> [TASK GOAL]: Set the pictures aside and transcribe exactly the lines from the one containing "That's how you" through the final line of the records.

> [DATA UNDER STUDY]:
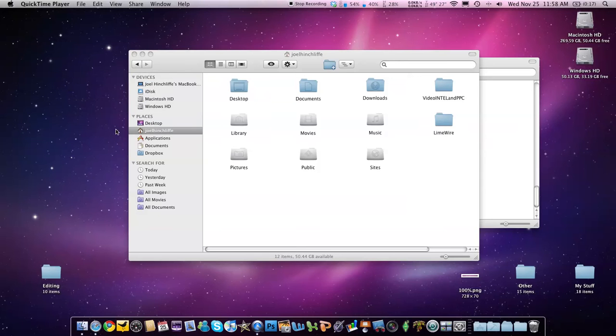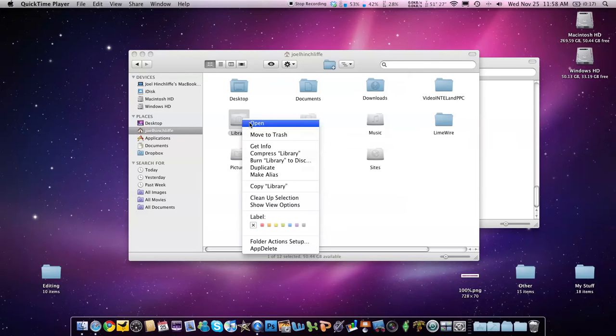Hey guys, TechPro here. Today I'm going to be teaching you how to change back your folder icons to the old one. If you've changed to a custom icon and you want to know how to get it back,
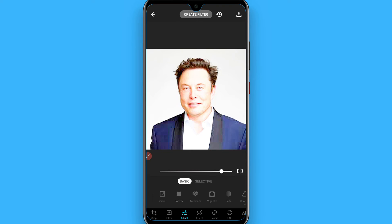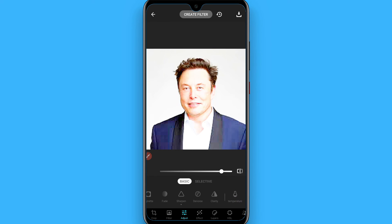Set Brightness at 15, then lower Contrast to 30, Saturation at 10, Black Point at 10, Warmth to 10, Definition at 23, Vignette to 29, and increase Sharpness to 14.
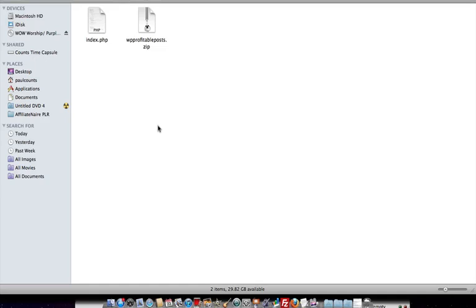In this video, I just want to show you how to use this Private Label Rights WordPress plugin that you have invested in. When you download this file onto your computer, it's going to come to you in a zip file. What you're going to want to do at first, if you want to brand it, you're going to want to extract it from the folder.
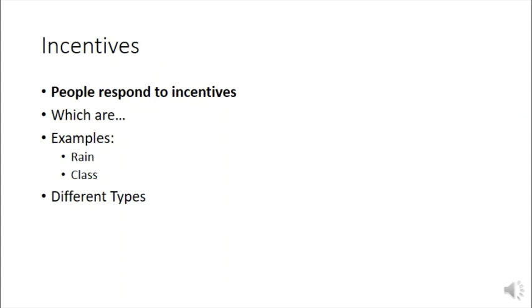Welcome back. We've been talking about the five foundations of economics and why they make this course, Core 180, different from some of the other core courses you'll have at Sweetbriar. And the first foundation we're going to talk about is incentives.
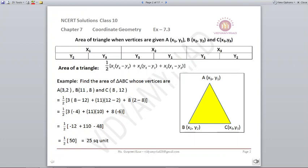On solving, the answer comes out to be 25 square units. The whole exercise is based on finding the area of a triangle. Let's begin with the exercise.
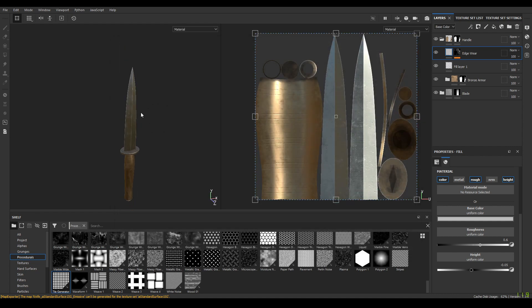That's how you create a knife using Autodesk Maya and Substance Painter. That's it for today — if you liked this video, please subscribe to the channel. I'll see you in the next video. Thank you for watching.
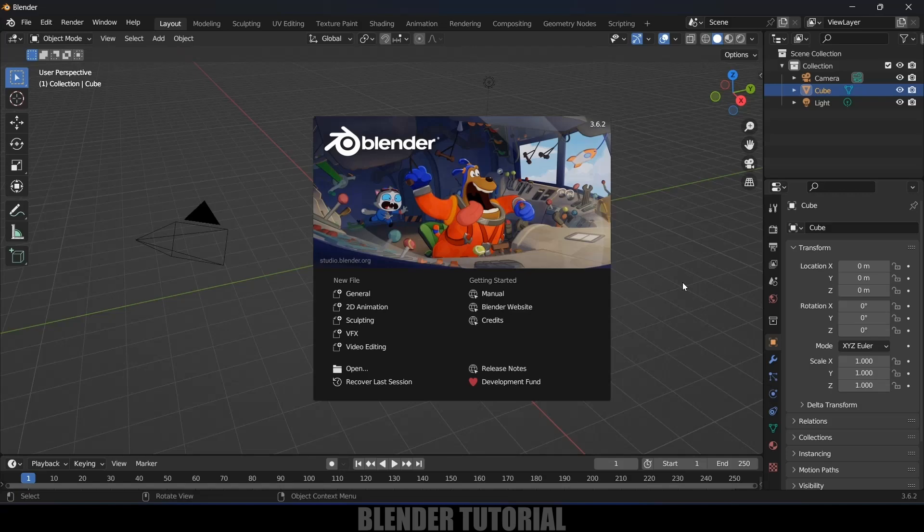Hey guys, this is Balu from Balu Prime. Today in this short and quick tutorial, I will show how to bend objects in Blender easily. Without any further ado, let's start. I'm using Blender 3.6.2.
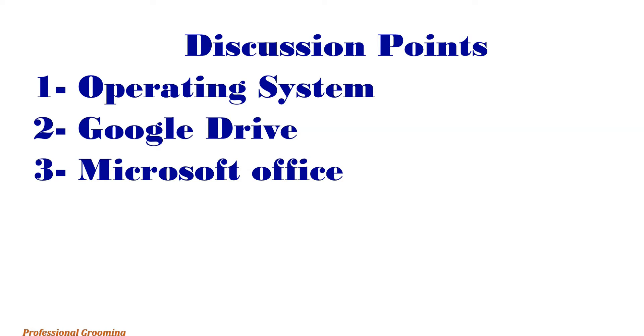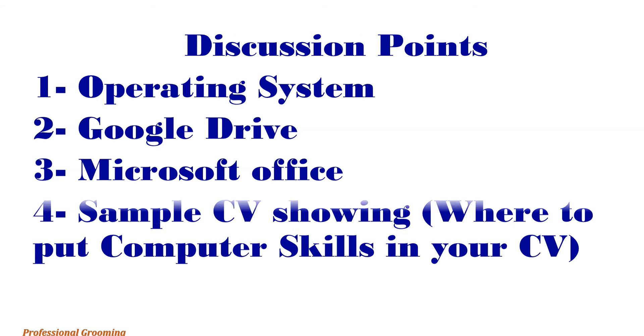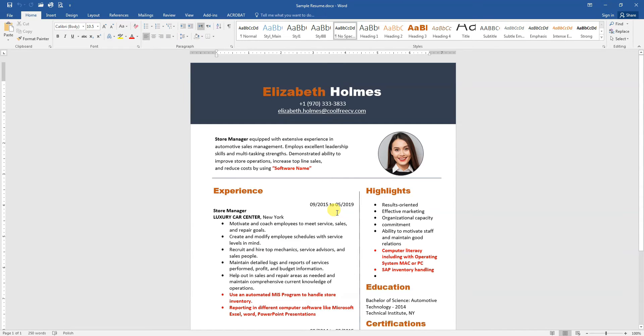Let me show you an example of a CV and where to put the computer skills in each section. Here we go.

> [RESULT OF THE EXERCISE]:
That's how you create a knife using Autodesk Maya and Substance Painter. That's it for today — if you liked this video, please subscribe to the channel. I'll see you in the next video. Thank you for watching.
Hey guys, this is Balu from Balu Prime. Today in this short and quick tutorial, I will show how to bend objects in Blender easily. Without any further ado, let's start. I'm using Blender 3.6.2.
Let me show you an example of a CV and where to put the computer skills in each section. Here we go.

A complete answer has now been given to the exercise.